Marc Bamuthi Joseph is a thinking man’s activist, and to have a conversation with him is to walk away with the conviction that— as he says— “there’s something about the world of ideas that needs nurturing and help.” Starting with his grounding in hip-hop, this interview proceeds to his new directions — career and performance […]

Marc Bamuthi Joseph (center). Photo: Bethanie Hines

Marc Bamuthi Joseph is a thinking man’s activist, and to have a conversation with him is to walk away with the conviction that— as he says— “there’s something about the world of ideas that needs nurturing and help.” Starting with his grounding in hip-hop, this interview proceeds to his new directions — career and performance work-wise— including curatorial intentions at his new post at Yerba Buena Center for the Arts, how his current roles at Youth Speaks and Living Word Project are changing, and concluding with general thoughts on institutions/institutionality. Definitely an interview for MBJ fans, arts administrators, and the performing arts-heads!

Jesse Leaneagh:

I feel like your interest and grounding in hip-hop is well known, with your piece the break/s based on Jeff Chang’s history of hip-hop, Can’t Stop Won’t Stop.
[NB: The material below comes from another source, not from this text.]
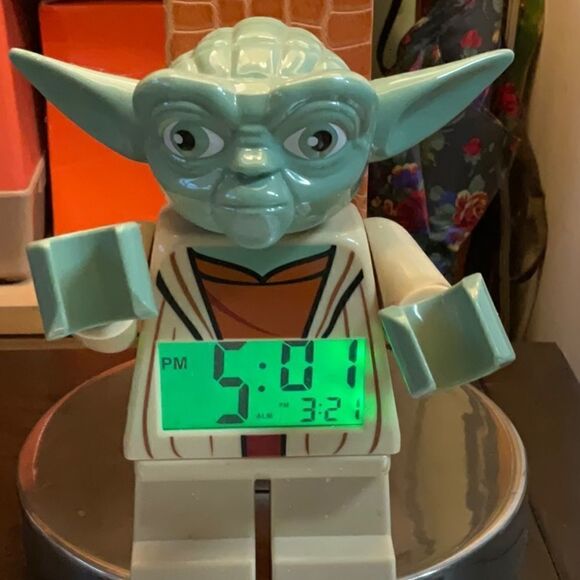 HOST PICK July 2022 - 2010 Yoda Lego Alarm Clock ⏰ GLOWS! Battery operated - Picture 2 of 11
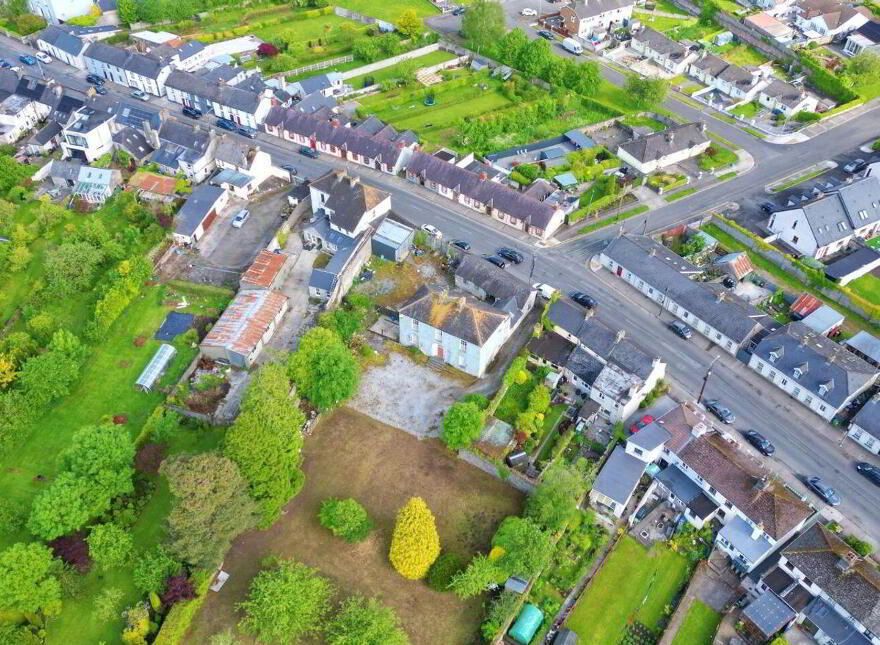 Newbridge Street, Birr, R42YE26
Chang has said that “hip-hop is a medium …rooted in the idea of movement.” Can you talk about how hip-hop as movement has influenced your work? Or is that idea inseparable from hip-hop as music?

Marc Bamuthi Joseph:

Unfortunately, it’s getting easier and easier to make the division between movement and music, as corporate culture enacts greater influence over how people make the music, or what dominant culture hears. At the same time, that doesn’t obscure the logical connection between what we do and the kind of music that we make. So in terms of the social trajectory and social history, there’s no denying that hip-hop was important in defining an aesthetic of both youth and political vocabulary for a generation coming of age during AIDS and Reaganomics, during the abolition of Apartheid, during the fall of the Berlin Wall. I would even include President Clinton’s administration, out of that 12 years of “culture war.” So it’s impossible to strip away that history from the world events, knowing that this is the music that provided the soundtrack for urban America and multicultural America… this music that soundtracked an awakening of these folks. And physiologically, I think that the low-end theory, the way that the body responds to the low-end of the frequency, the low-end of the register, the way that the body responds to bass, is undeniable. So between the social history and the physics of the body’s reaction to the low-end, there’s no denying that there is movement in hip-hop.

Leaneagh:

Right. I’m intrigued by your idea of “energetic reciprocity,” which you’ve said is an element of the hip-hop generation. I’m wondering if there are other places, sources of inspiration, or forms of artistic practice besides hip-hop that you see “energetic reciprocity” in action?

Joseph:

I think you see it in the martial art of Tai Chi. I think you get it in the best educational practices, in terms of populist education — made most famous perhaps in Paulo Freire’s work Pedagogy of the Oppressed. I think when democracy is working well it’s a product of energetic reciprocity. I think good romantic relationships have a high quotient of energetic reciprocity present. So there’s something about the “yes, yes, y’all ”— the call and response ethic in hip-hop — that is both metaphysical and formulaic, in terms of the cultural instruction. I think we see these things in nature, the give and take of nature. My son told me last night about a presentation he did about volcanoes, and he was really enthusiastic about geothermal energy, and how the same warming-up of gases below the earth is the phenomenon that triggers earthquakes and volcanic eruptions, you know what I mean? [Laughs]. All these things are present in our ecosystem, in nature, that also exist in the physical manifestations of the martial arts — tai chi — and in academia; it’s just that hip-hop does it with more flavor.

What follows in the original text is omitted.